Quote Originally Posted by Ascension View Post
If you want to distinguish between the various town sizes you might want to add some more varied symbols for that...I see a horned thing, a boat, and a bunch of 2-hut things. Maybe add a 3-hutter and a one-hutter then you'd have 3 sizes...city, town, and village. Overall, I'd say it is not overloaded at all but maybe that comes from years of looking at hex maps So far so good.
The settlements will have different symbols (one hut for thorps, two huts for hamlets, 3 huts for villages), but that should come in a later stage of this map. Cities are few (in this section, only the boat is a city--a port city in this case).

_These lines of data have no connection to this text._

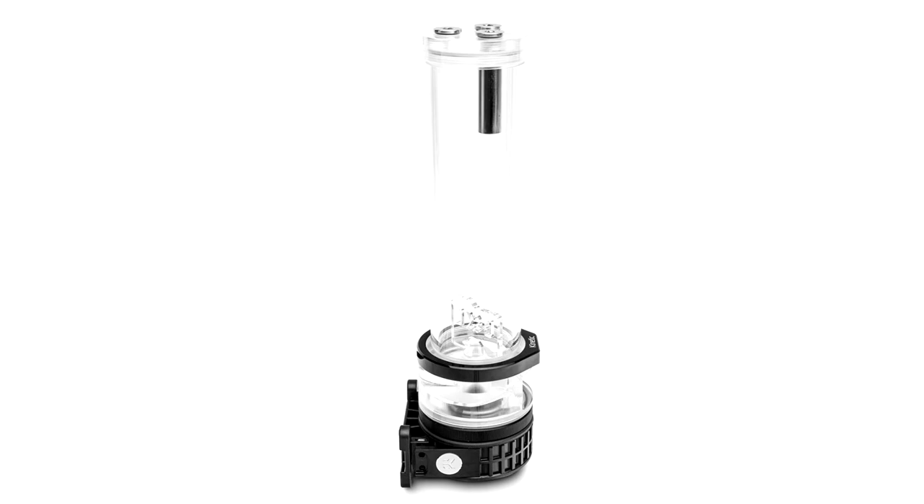Additionally, horizontal and vertical positioning is supported for easier tube routing possibilities. The EK Quantum Kinetic TBE D5 combo units are backward compatible with existing D5 holders and brackets. The tube itself remains unchanged with a diameter of 60 mm, meaning they remain compatible with the previous generation of EK cylindrical reservoir tubes.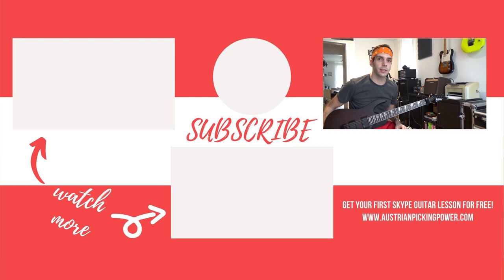Watch more of my practice methods to speed up your progress today. Click on the squirrel to subscribe to my channel, and don't forget to hit the notification bell so you don't miss the next practice methods I'm going to share with you.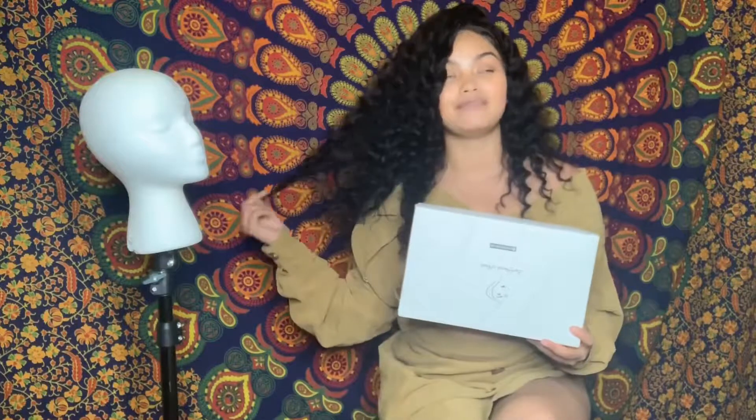Hey guys, it's your girl Yamila, aka Yams. I am back with another video. Today I will be working with So Good Hair once again — I have another hair from their company. I'm going to unbox this wig, show you guys what it really looks like when unpacked, and also show you what it looks like on. Before I get into the video, please make sure to give this video a thumbs up.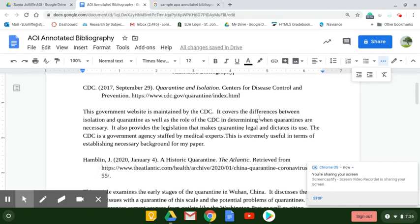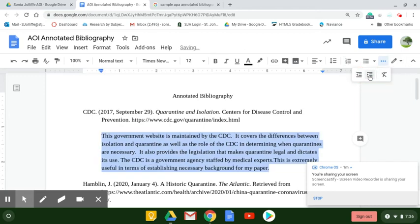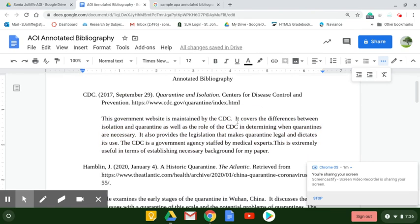Okay, this looks pretty good. The final step is to take each of the annotation paragraphs beneath the source, and we're going to need to justify them over to the right, hitting this tab button once, so that ultimately each one of those will be lined up underneath the bottom line of your source citation.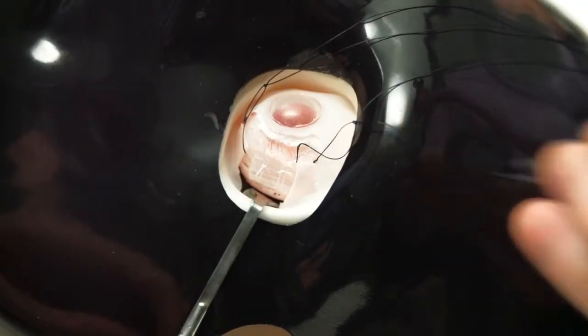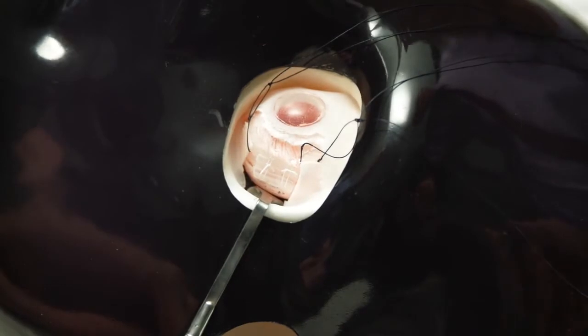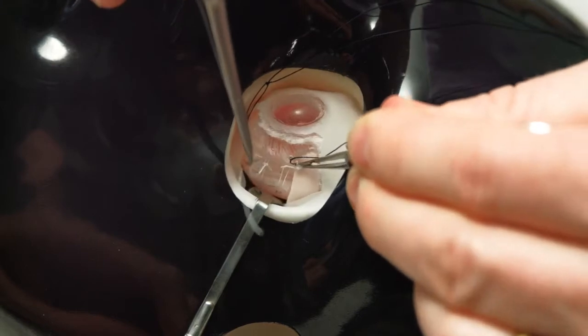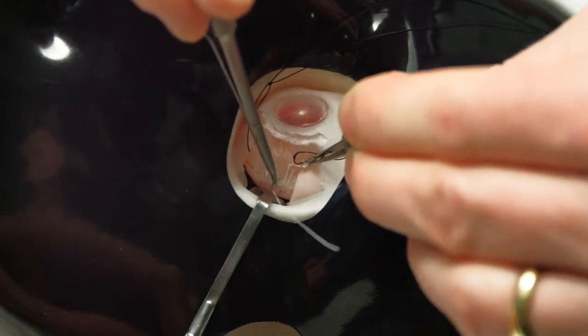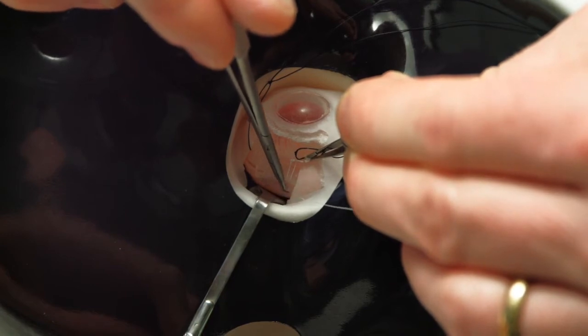The needle drain is performed with a 5-O-ethibond needle. About a third of the needle is outside of the needle holder, and that third is then introduced through the sclera in one movement.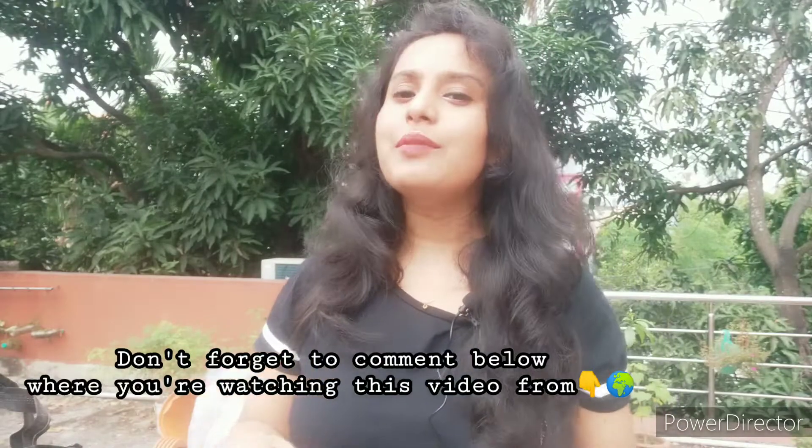I have categorically mentioned in my previous video that all my videos now will be bilingual. So I really need your support.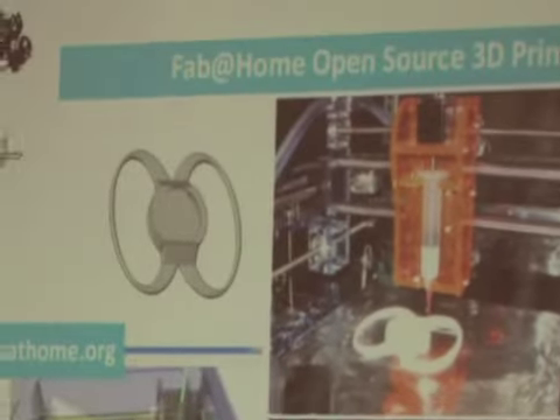Fab at Home Faber - it was an open source 3D printer. There are a few of these out there now, and some of them have kind of taken the market by storm and managed to make themselves very cheap and affordable.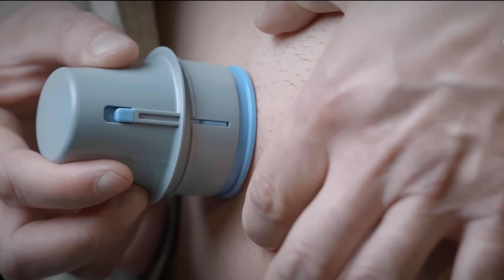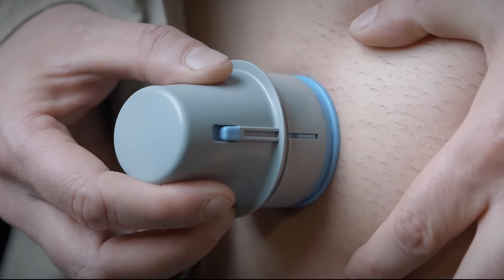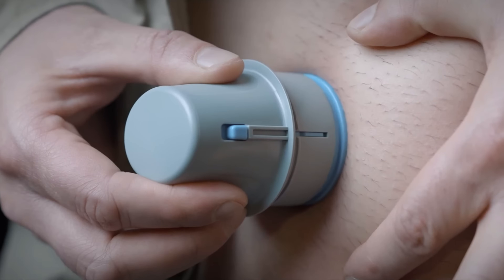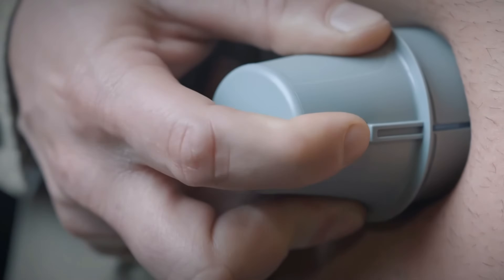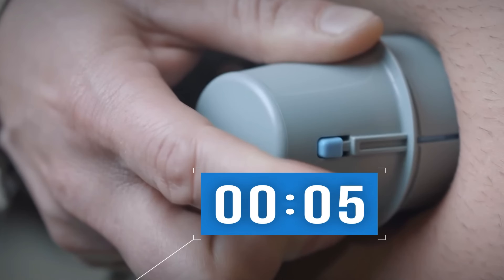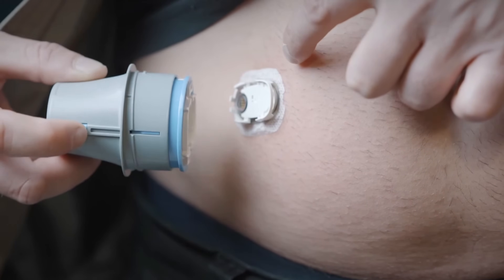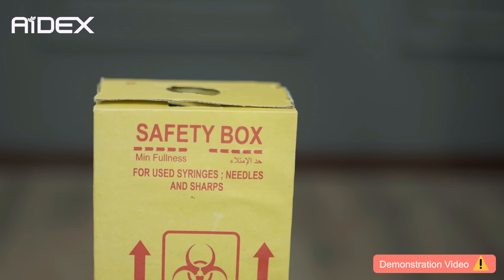Position the applicator horizontally. Gently stretch the skin and press the applicator towards the body until the blue button moves upward. This action occurs only when we push the applicator toward our body. Press the blue button — you will hear the sound of the sensor being released. Wait for about 10 seconds until the sensor is firmly attached to the skin. Carefully remove the applicator. Secure the sensor by pressing on the adhesive on both sides. Dispose of the applicator following medical safety guidelines.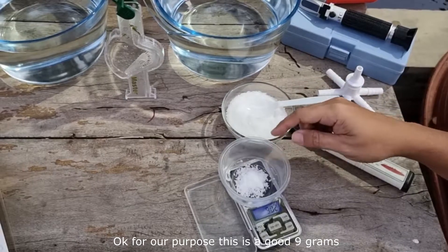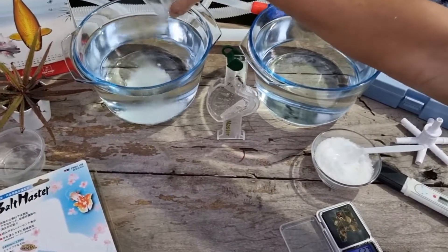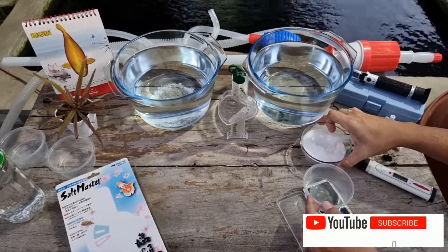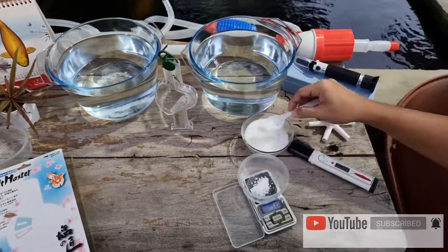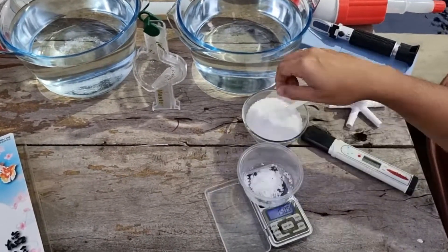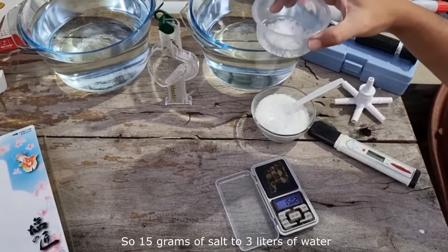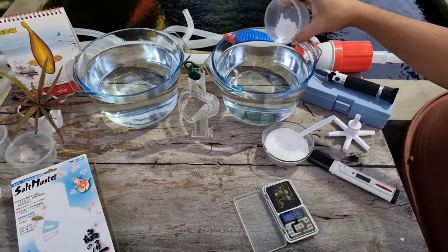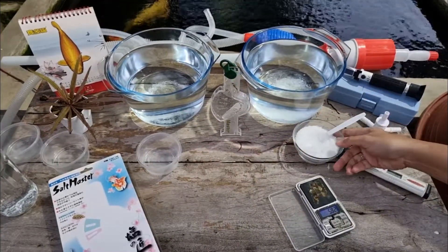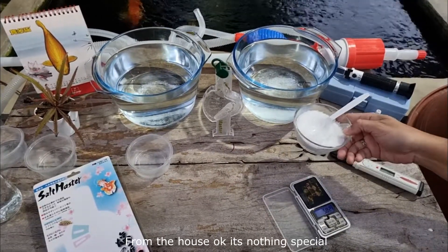So 9 grams goes into our first bowl for the 3ppt solution. And 15 grams of salt goes into the second bowl for the 5ppt solution. By the way, the salt I'm using is just common table salt from the house — nothing special.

Quote Originally Posted by Coyotemax View Post
If you are planning on sending this out into the world as part of an adventure setting, I might suggest a more unified colour theme for the hills and such, maybe something not quite so dominating for the encounter areas, little things like that - but to me that's a personal preference thing. If it's for others, i would definitely add a scale marker, and perhaps a compass, and especially a legend to explain some of the symbols.
A scale marker and a legend will surely be included. This is just a rough first draft to see how the things will become. I'm not sure about what you could suggest about the colour theme, but I will think about it.

My main concern is: is this detailed section a good reference of the bigger scale section (remember we are talking about 500% zoom here)? Did I place the forests and hills in accordance of what should be expected from a region like that (where plains should be the main terrain)?

The detailed map resulted from some random placements based on what I thought it could belong to the map.

For example, there are 60% chance of plains, 5% chance of ponds/lakes, 5% chance of light forests, 7.5% chance of forested hills and so on. Did my placement by random chance did any good/bad to the map?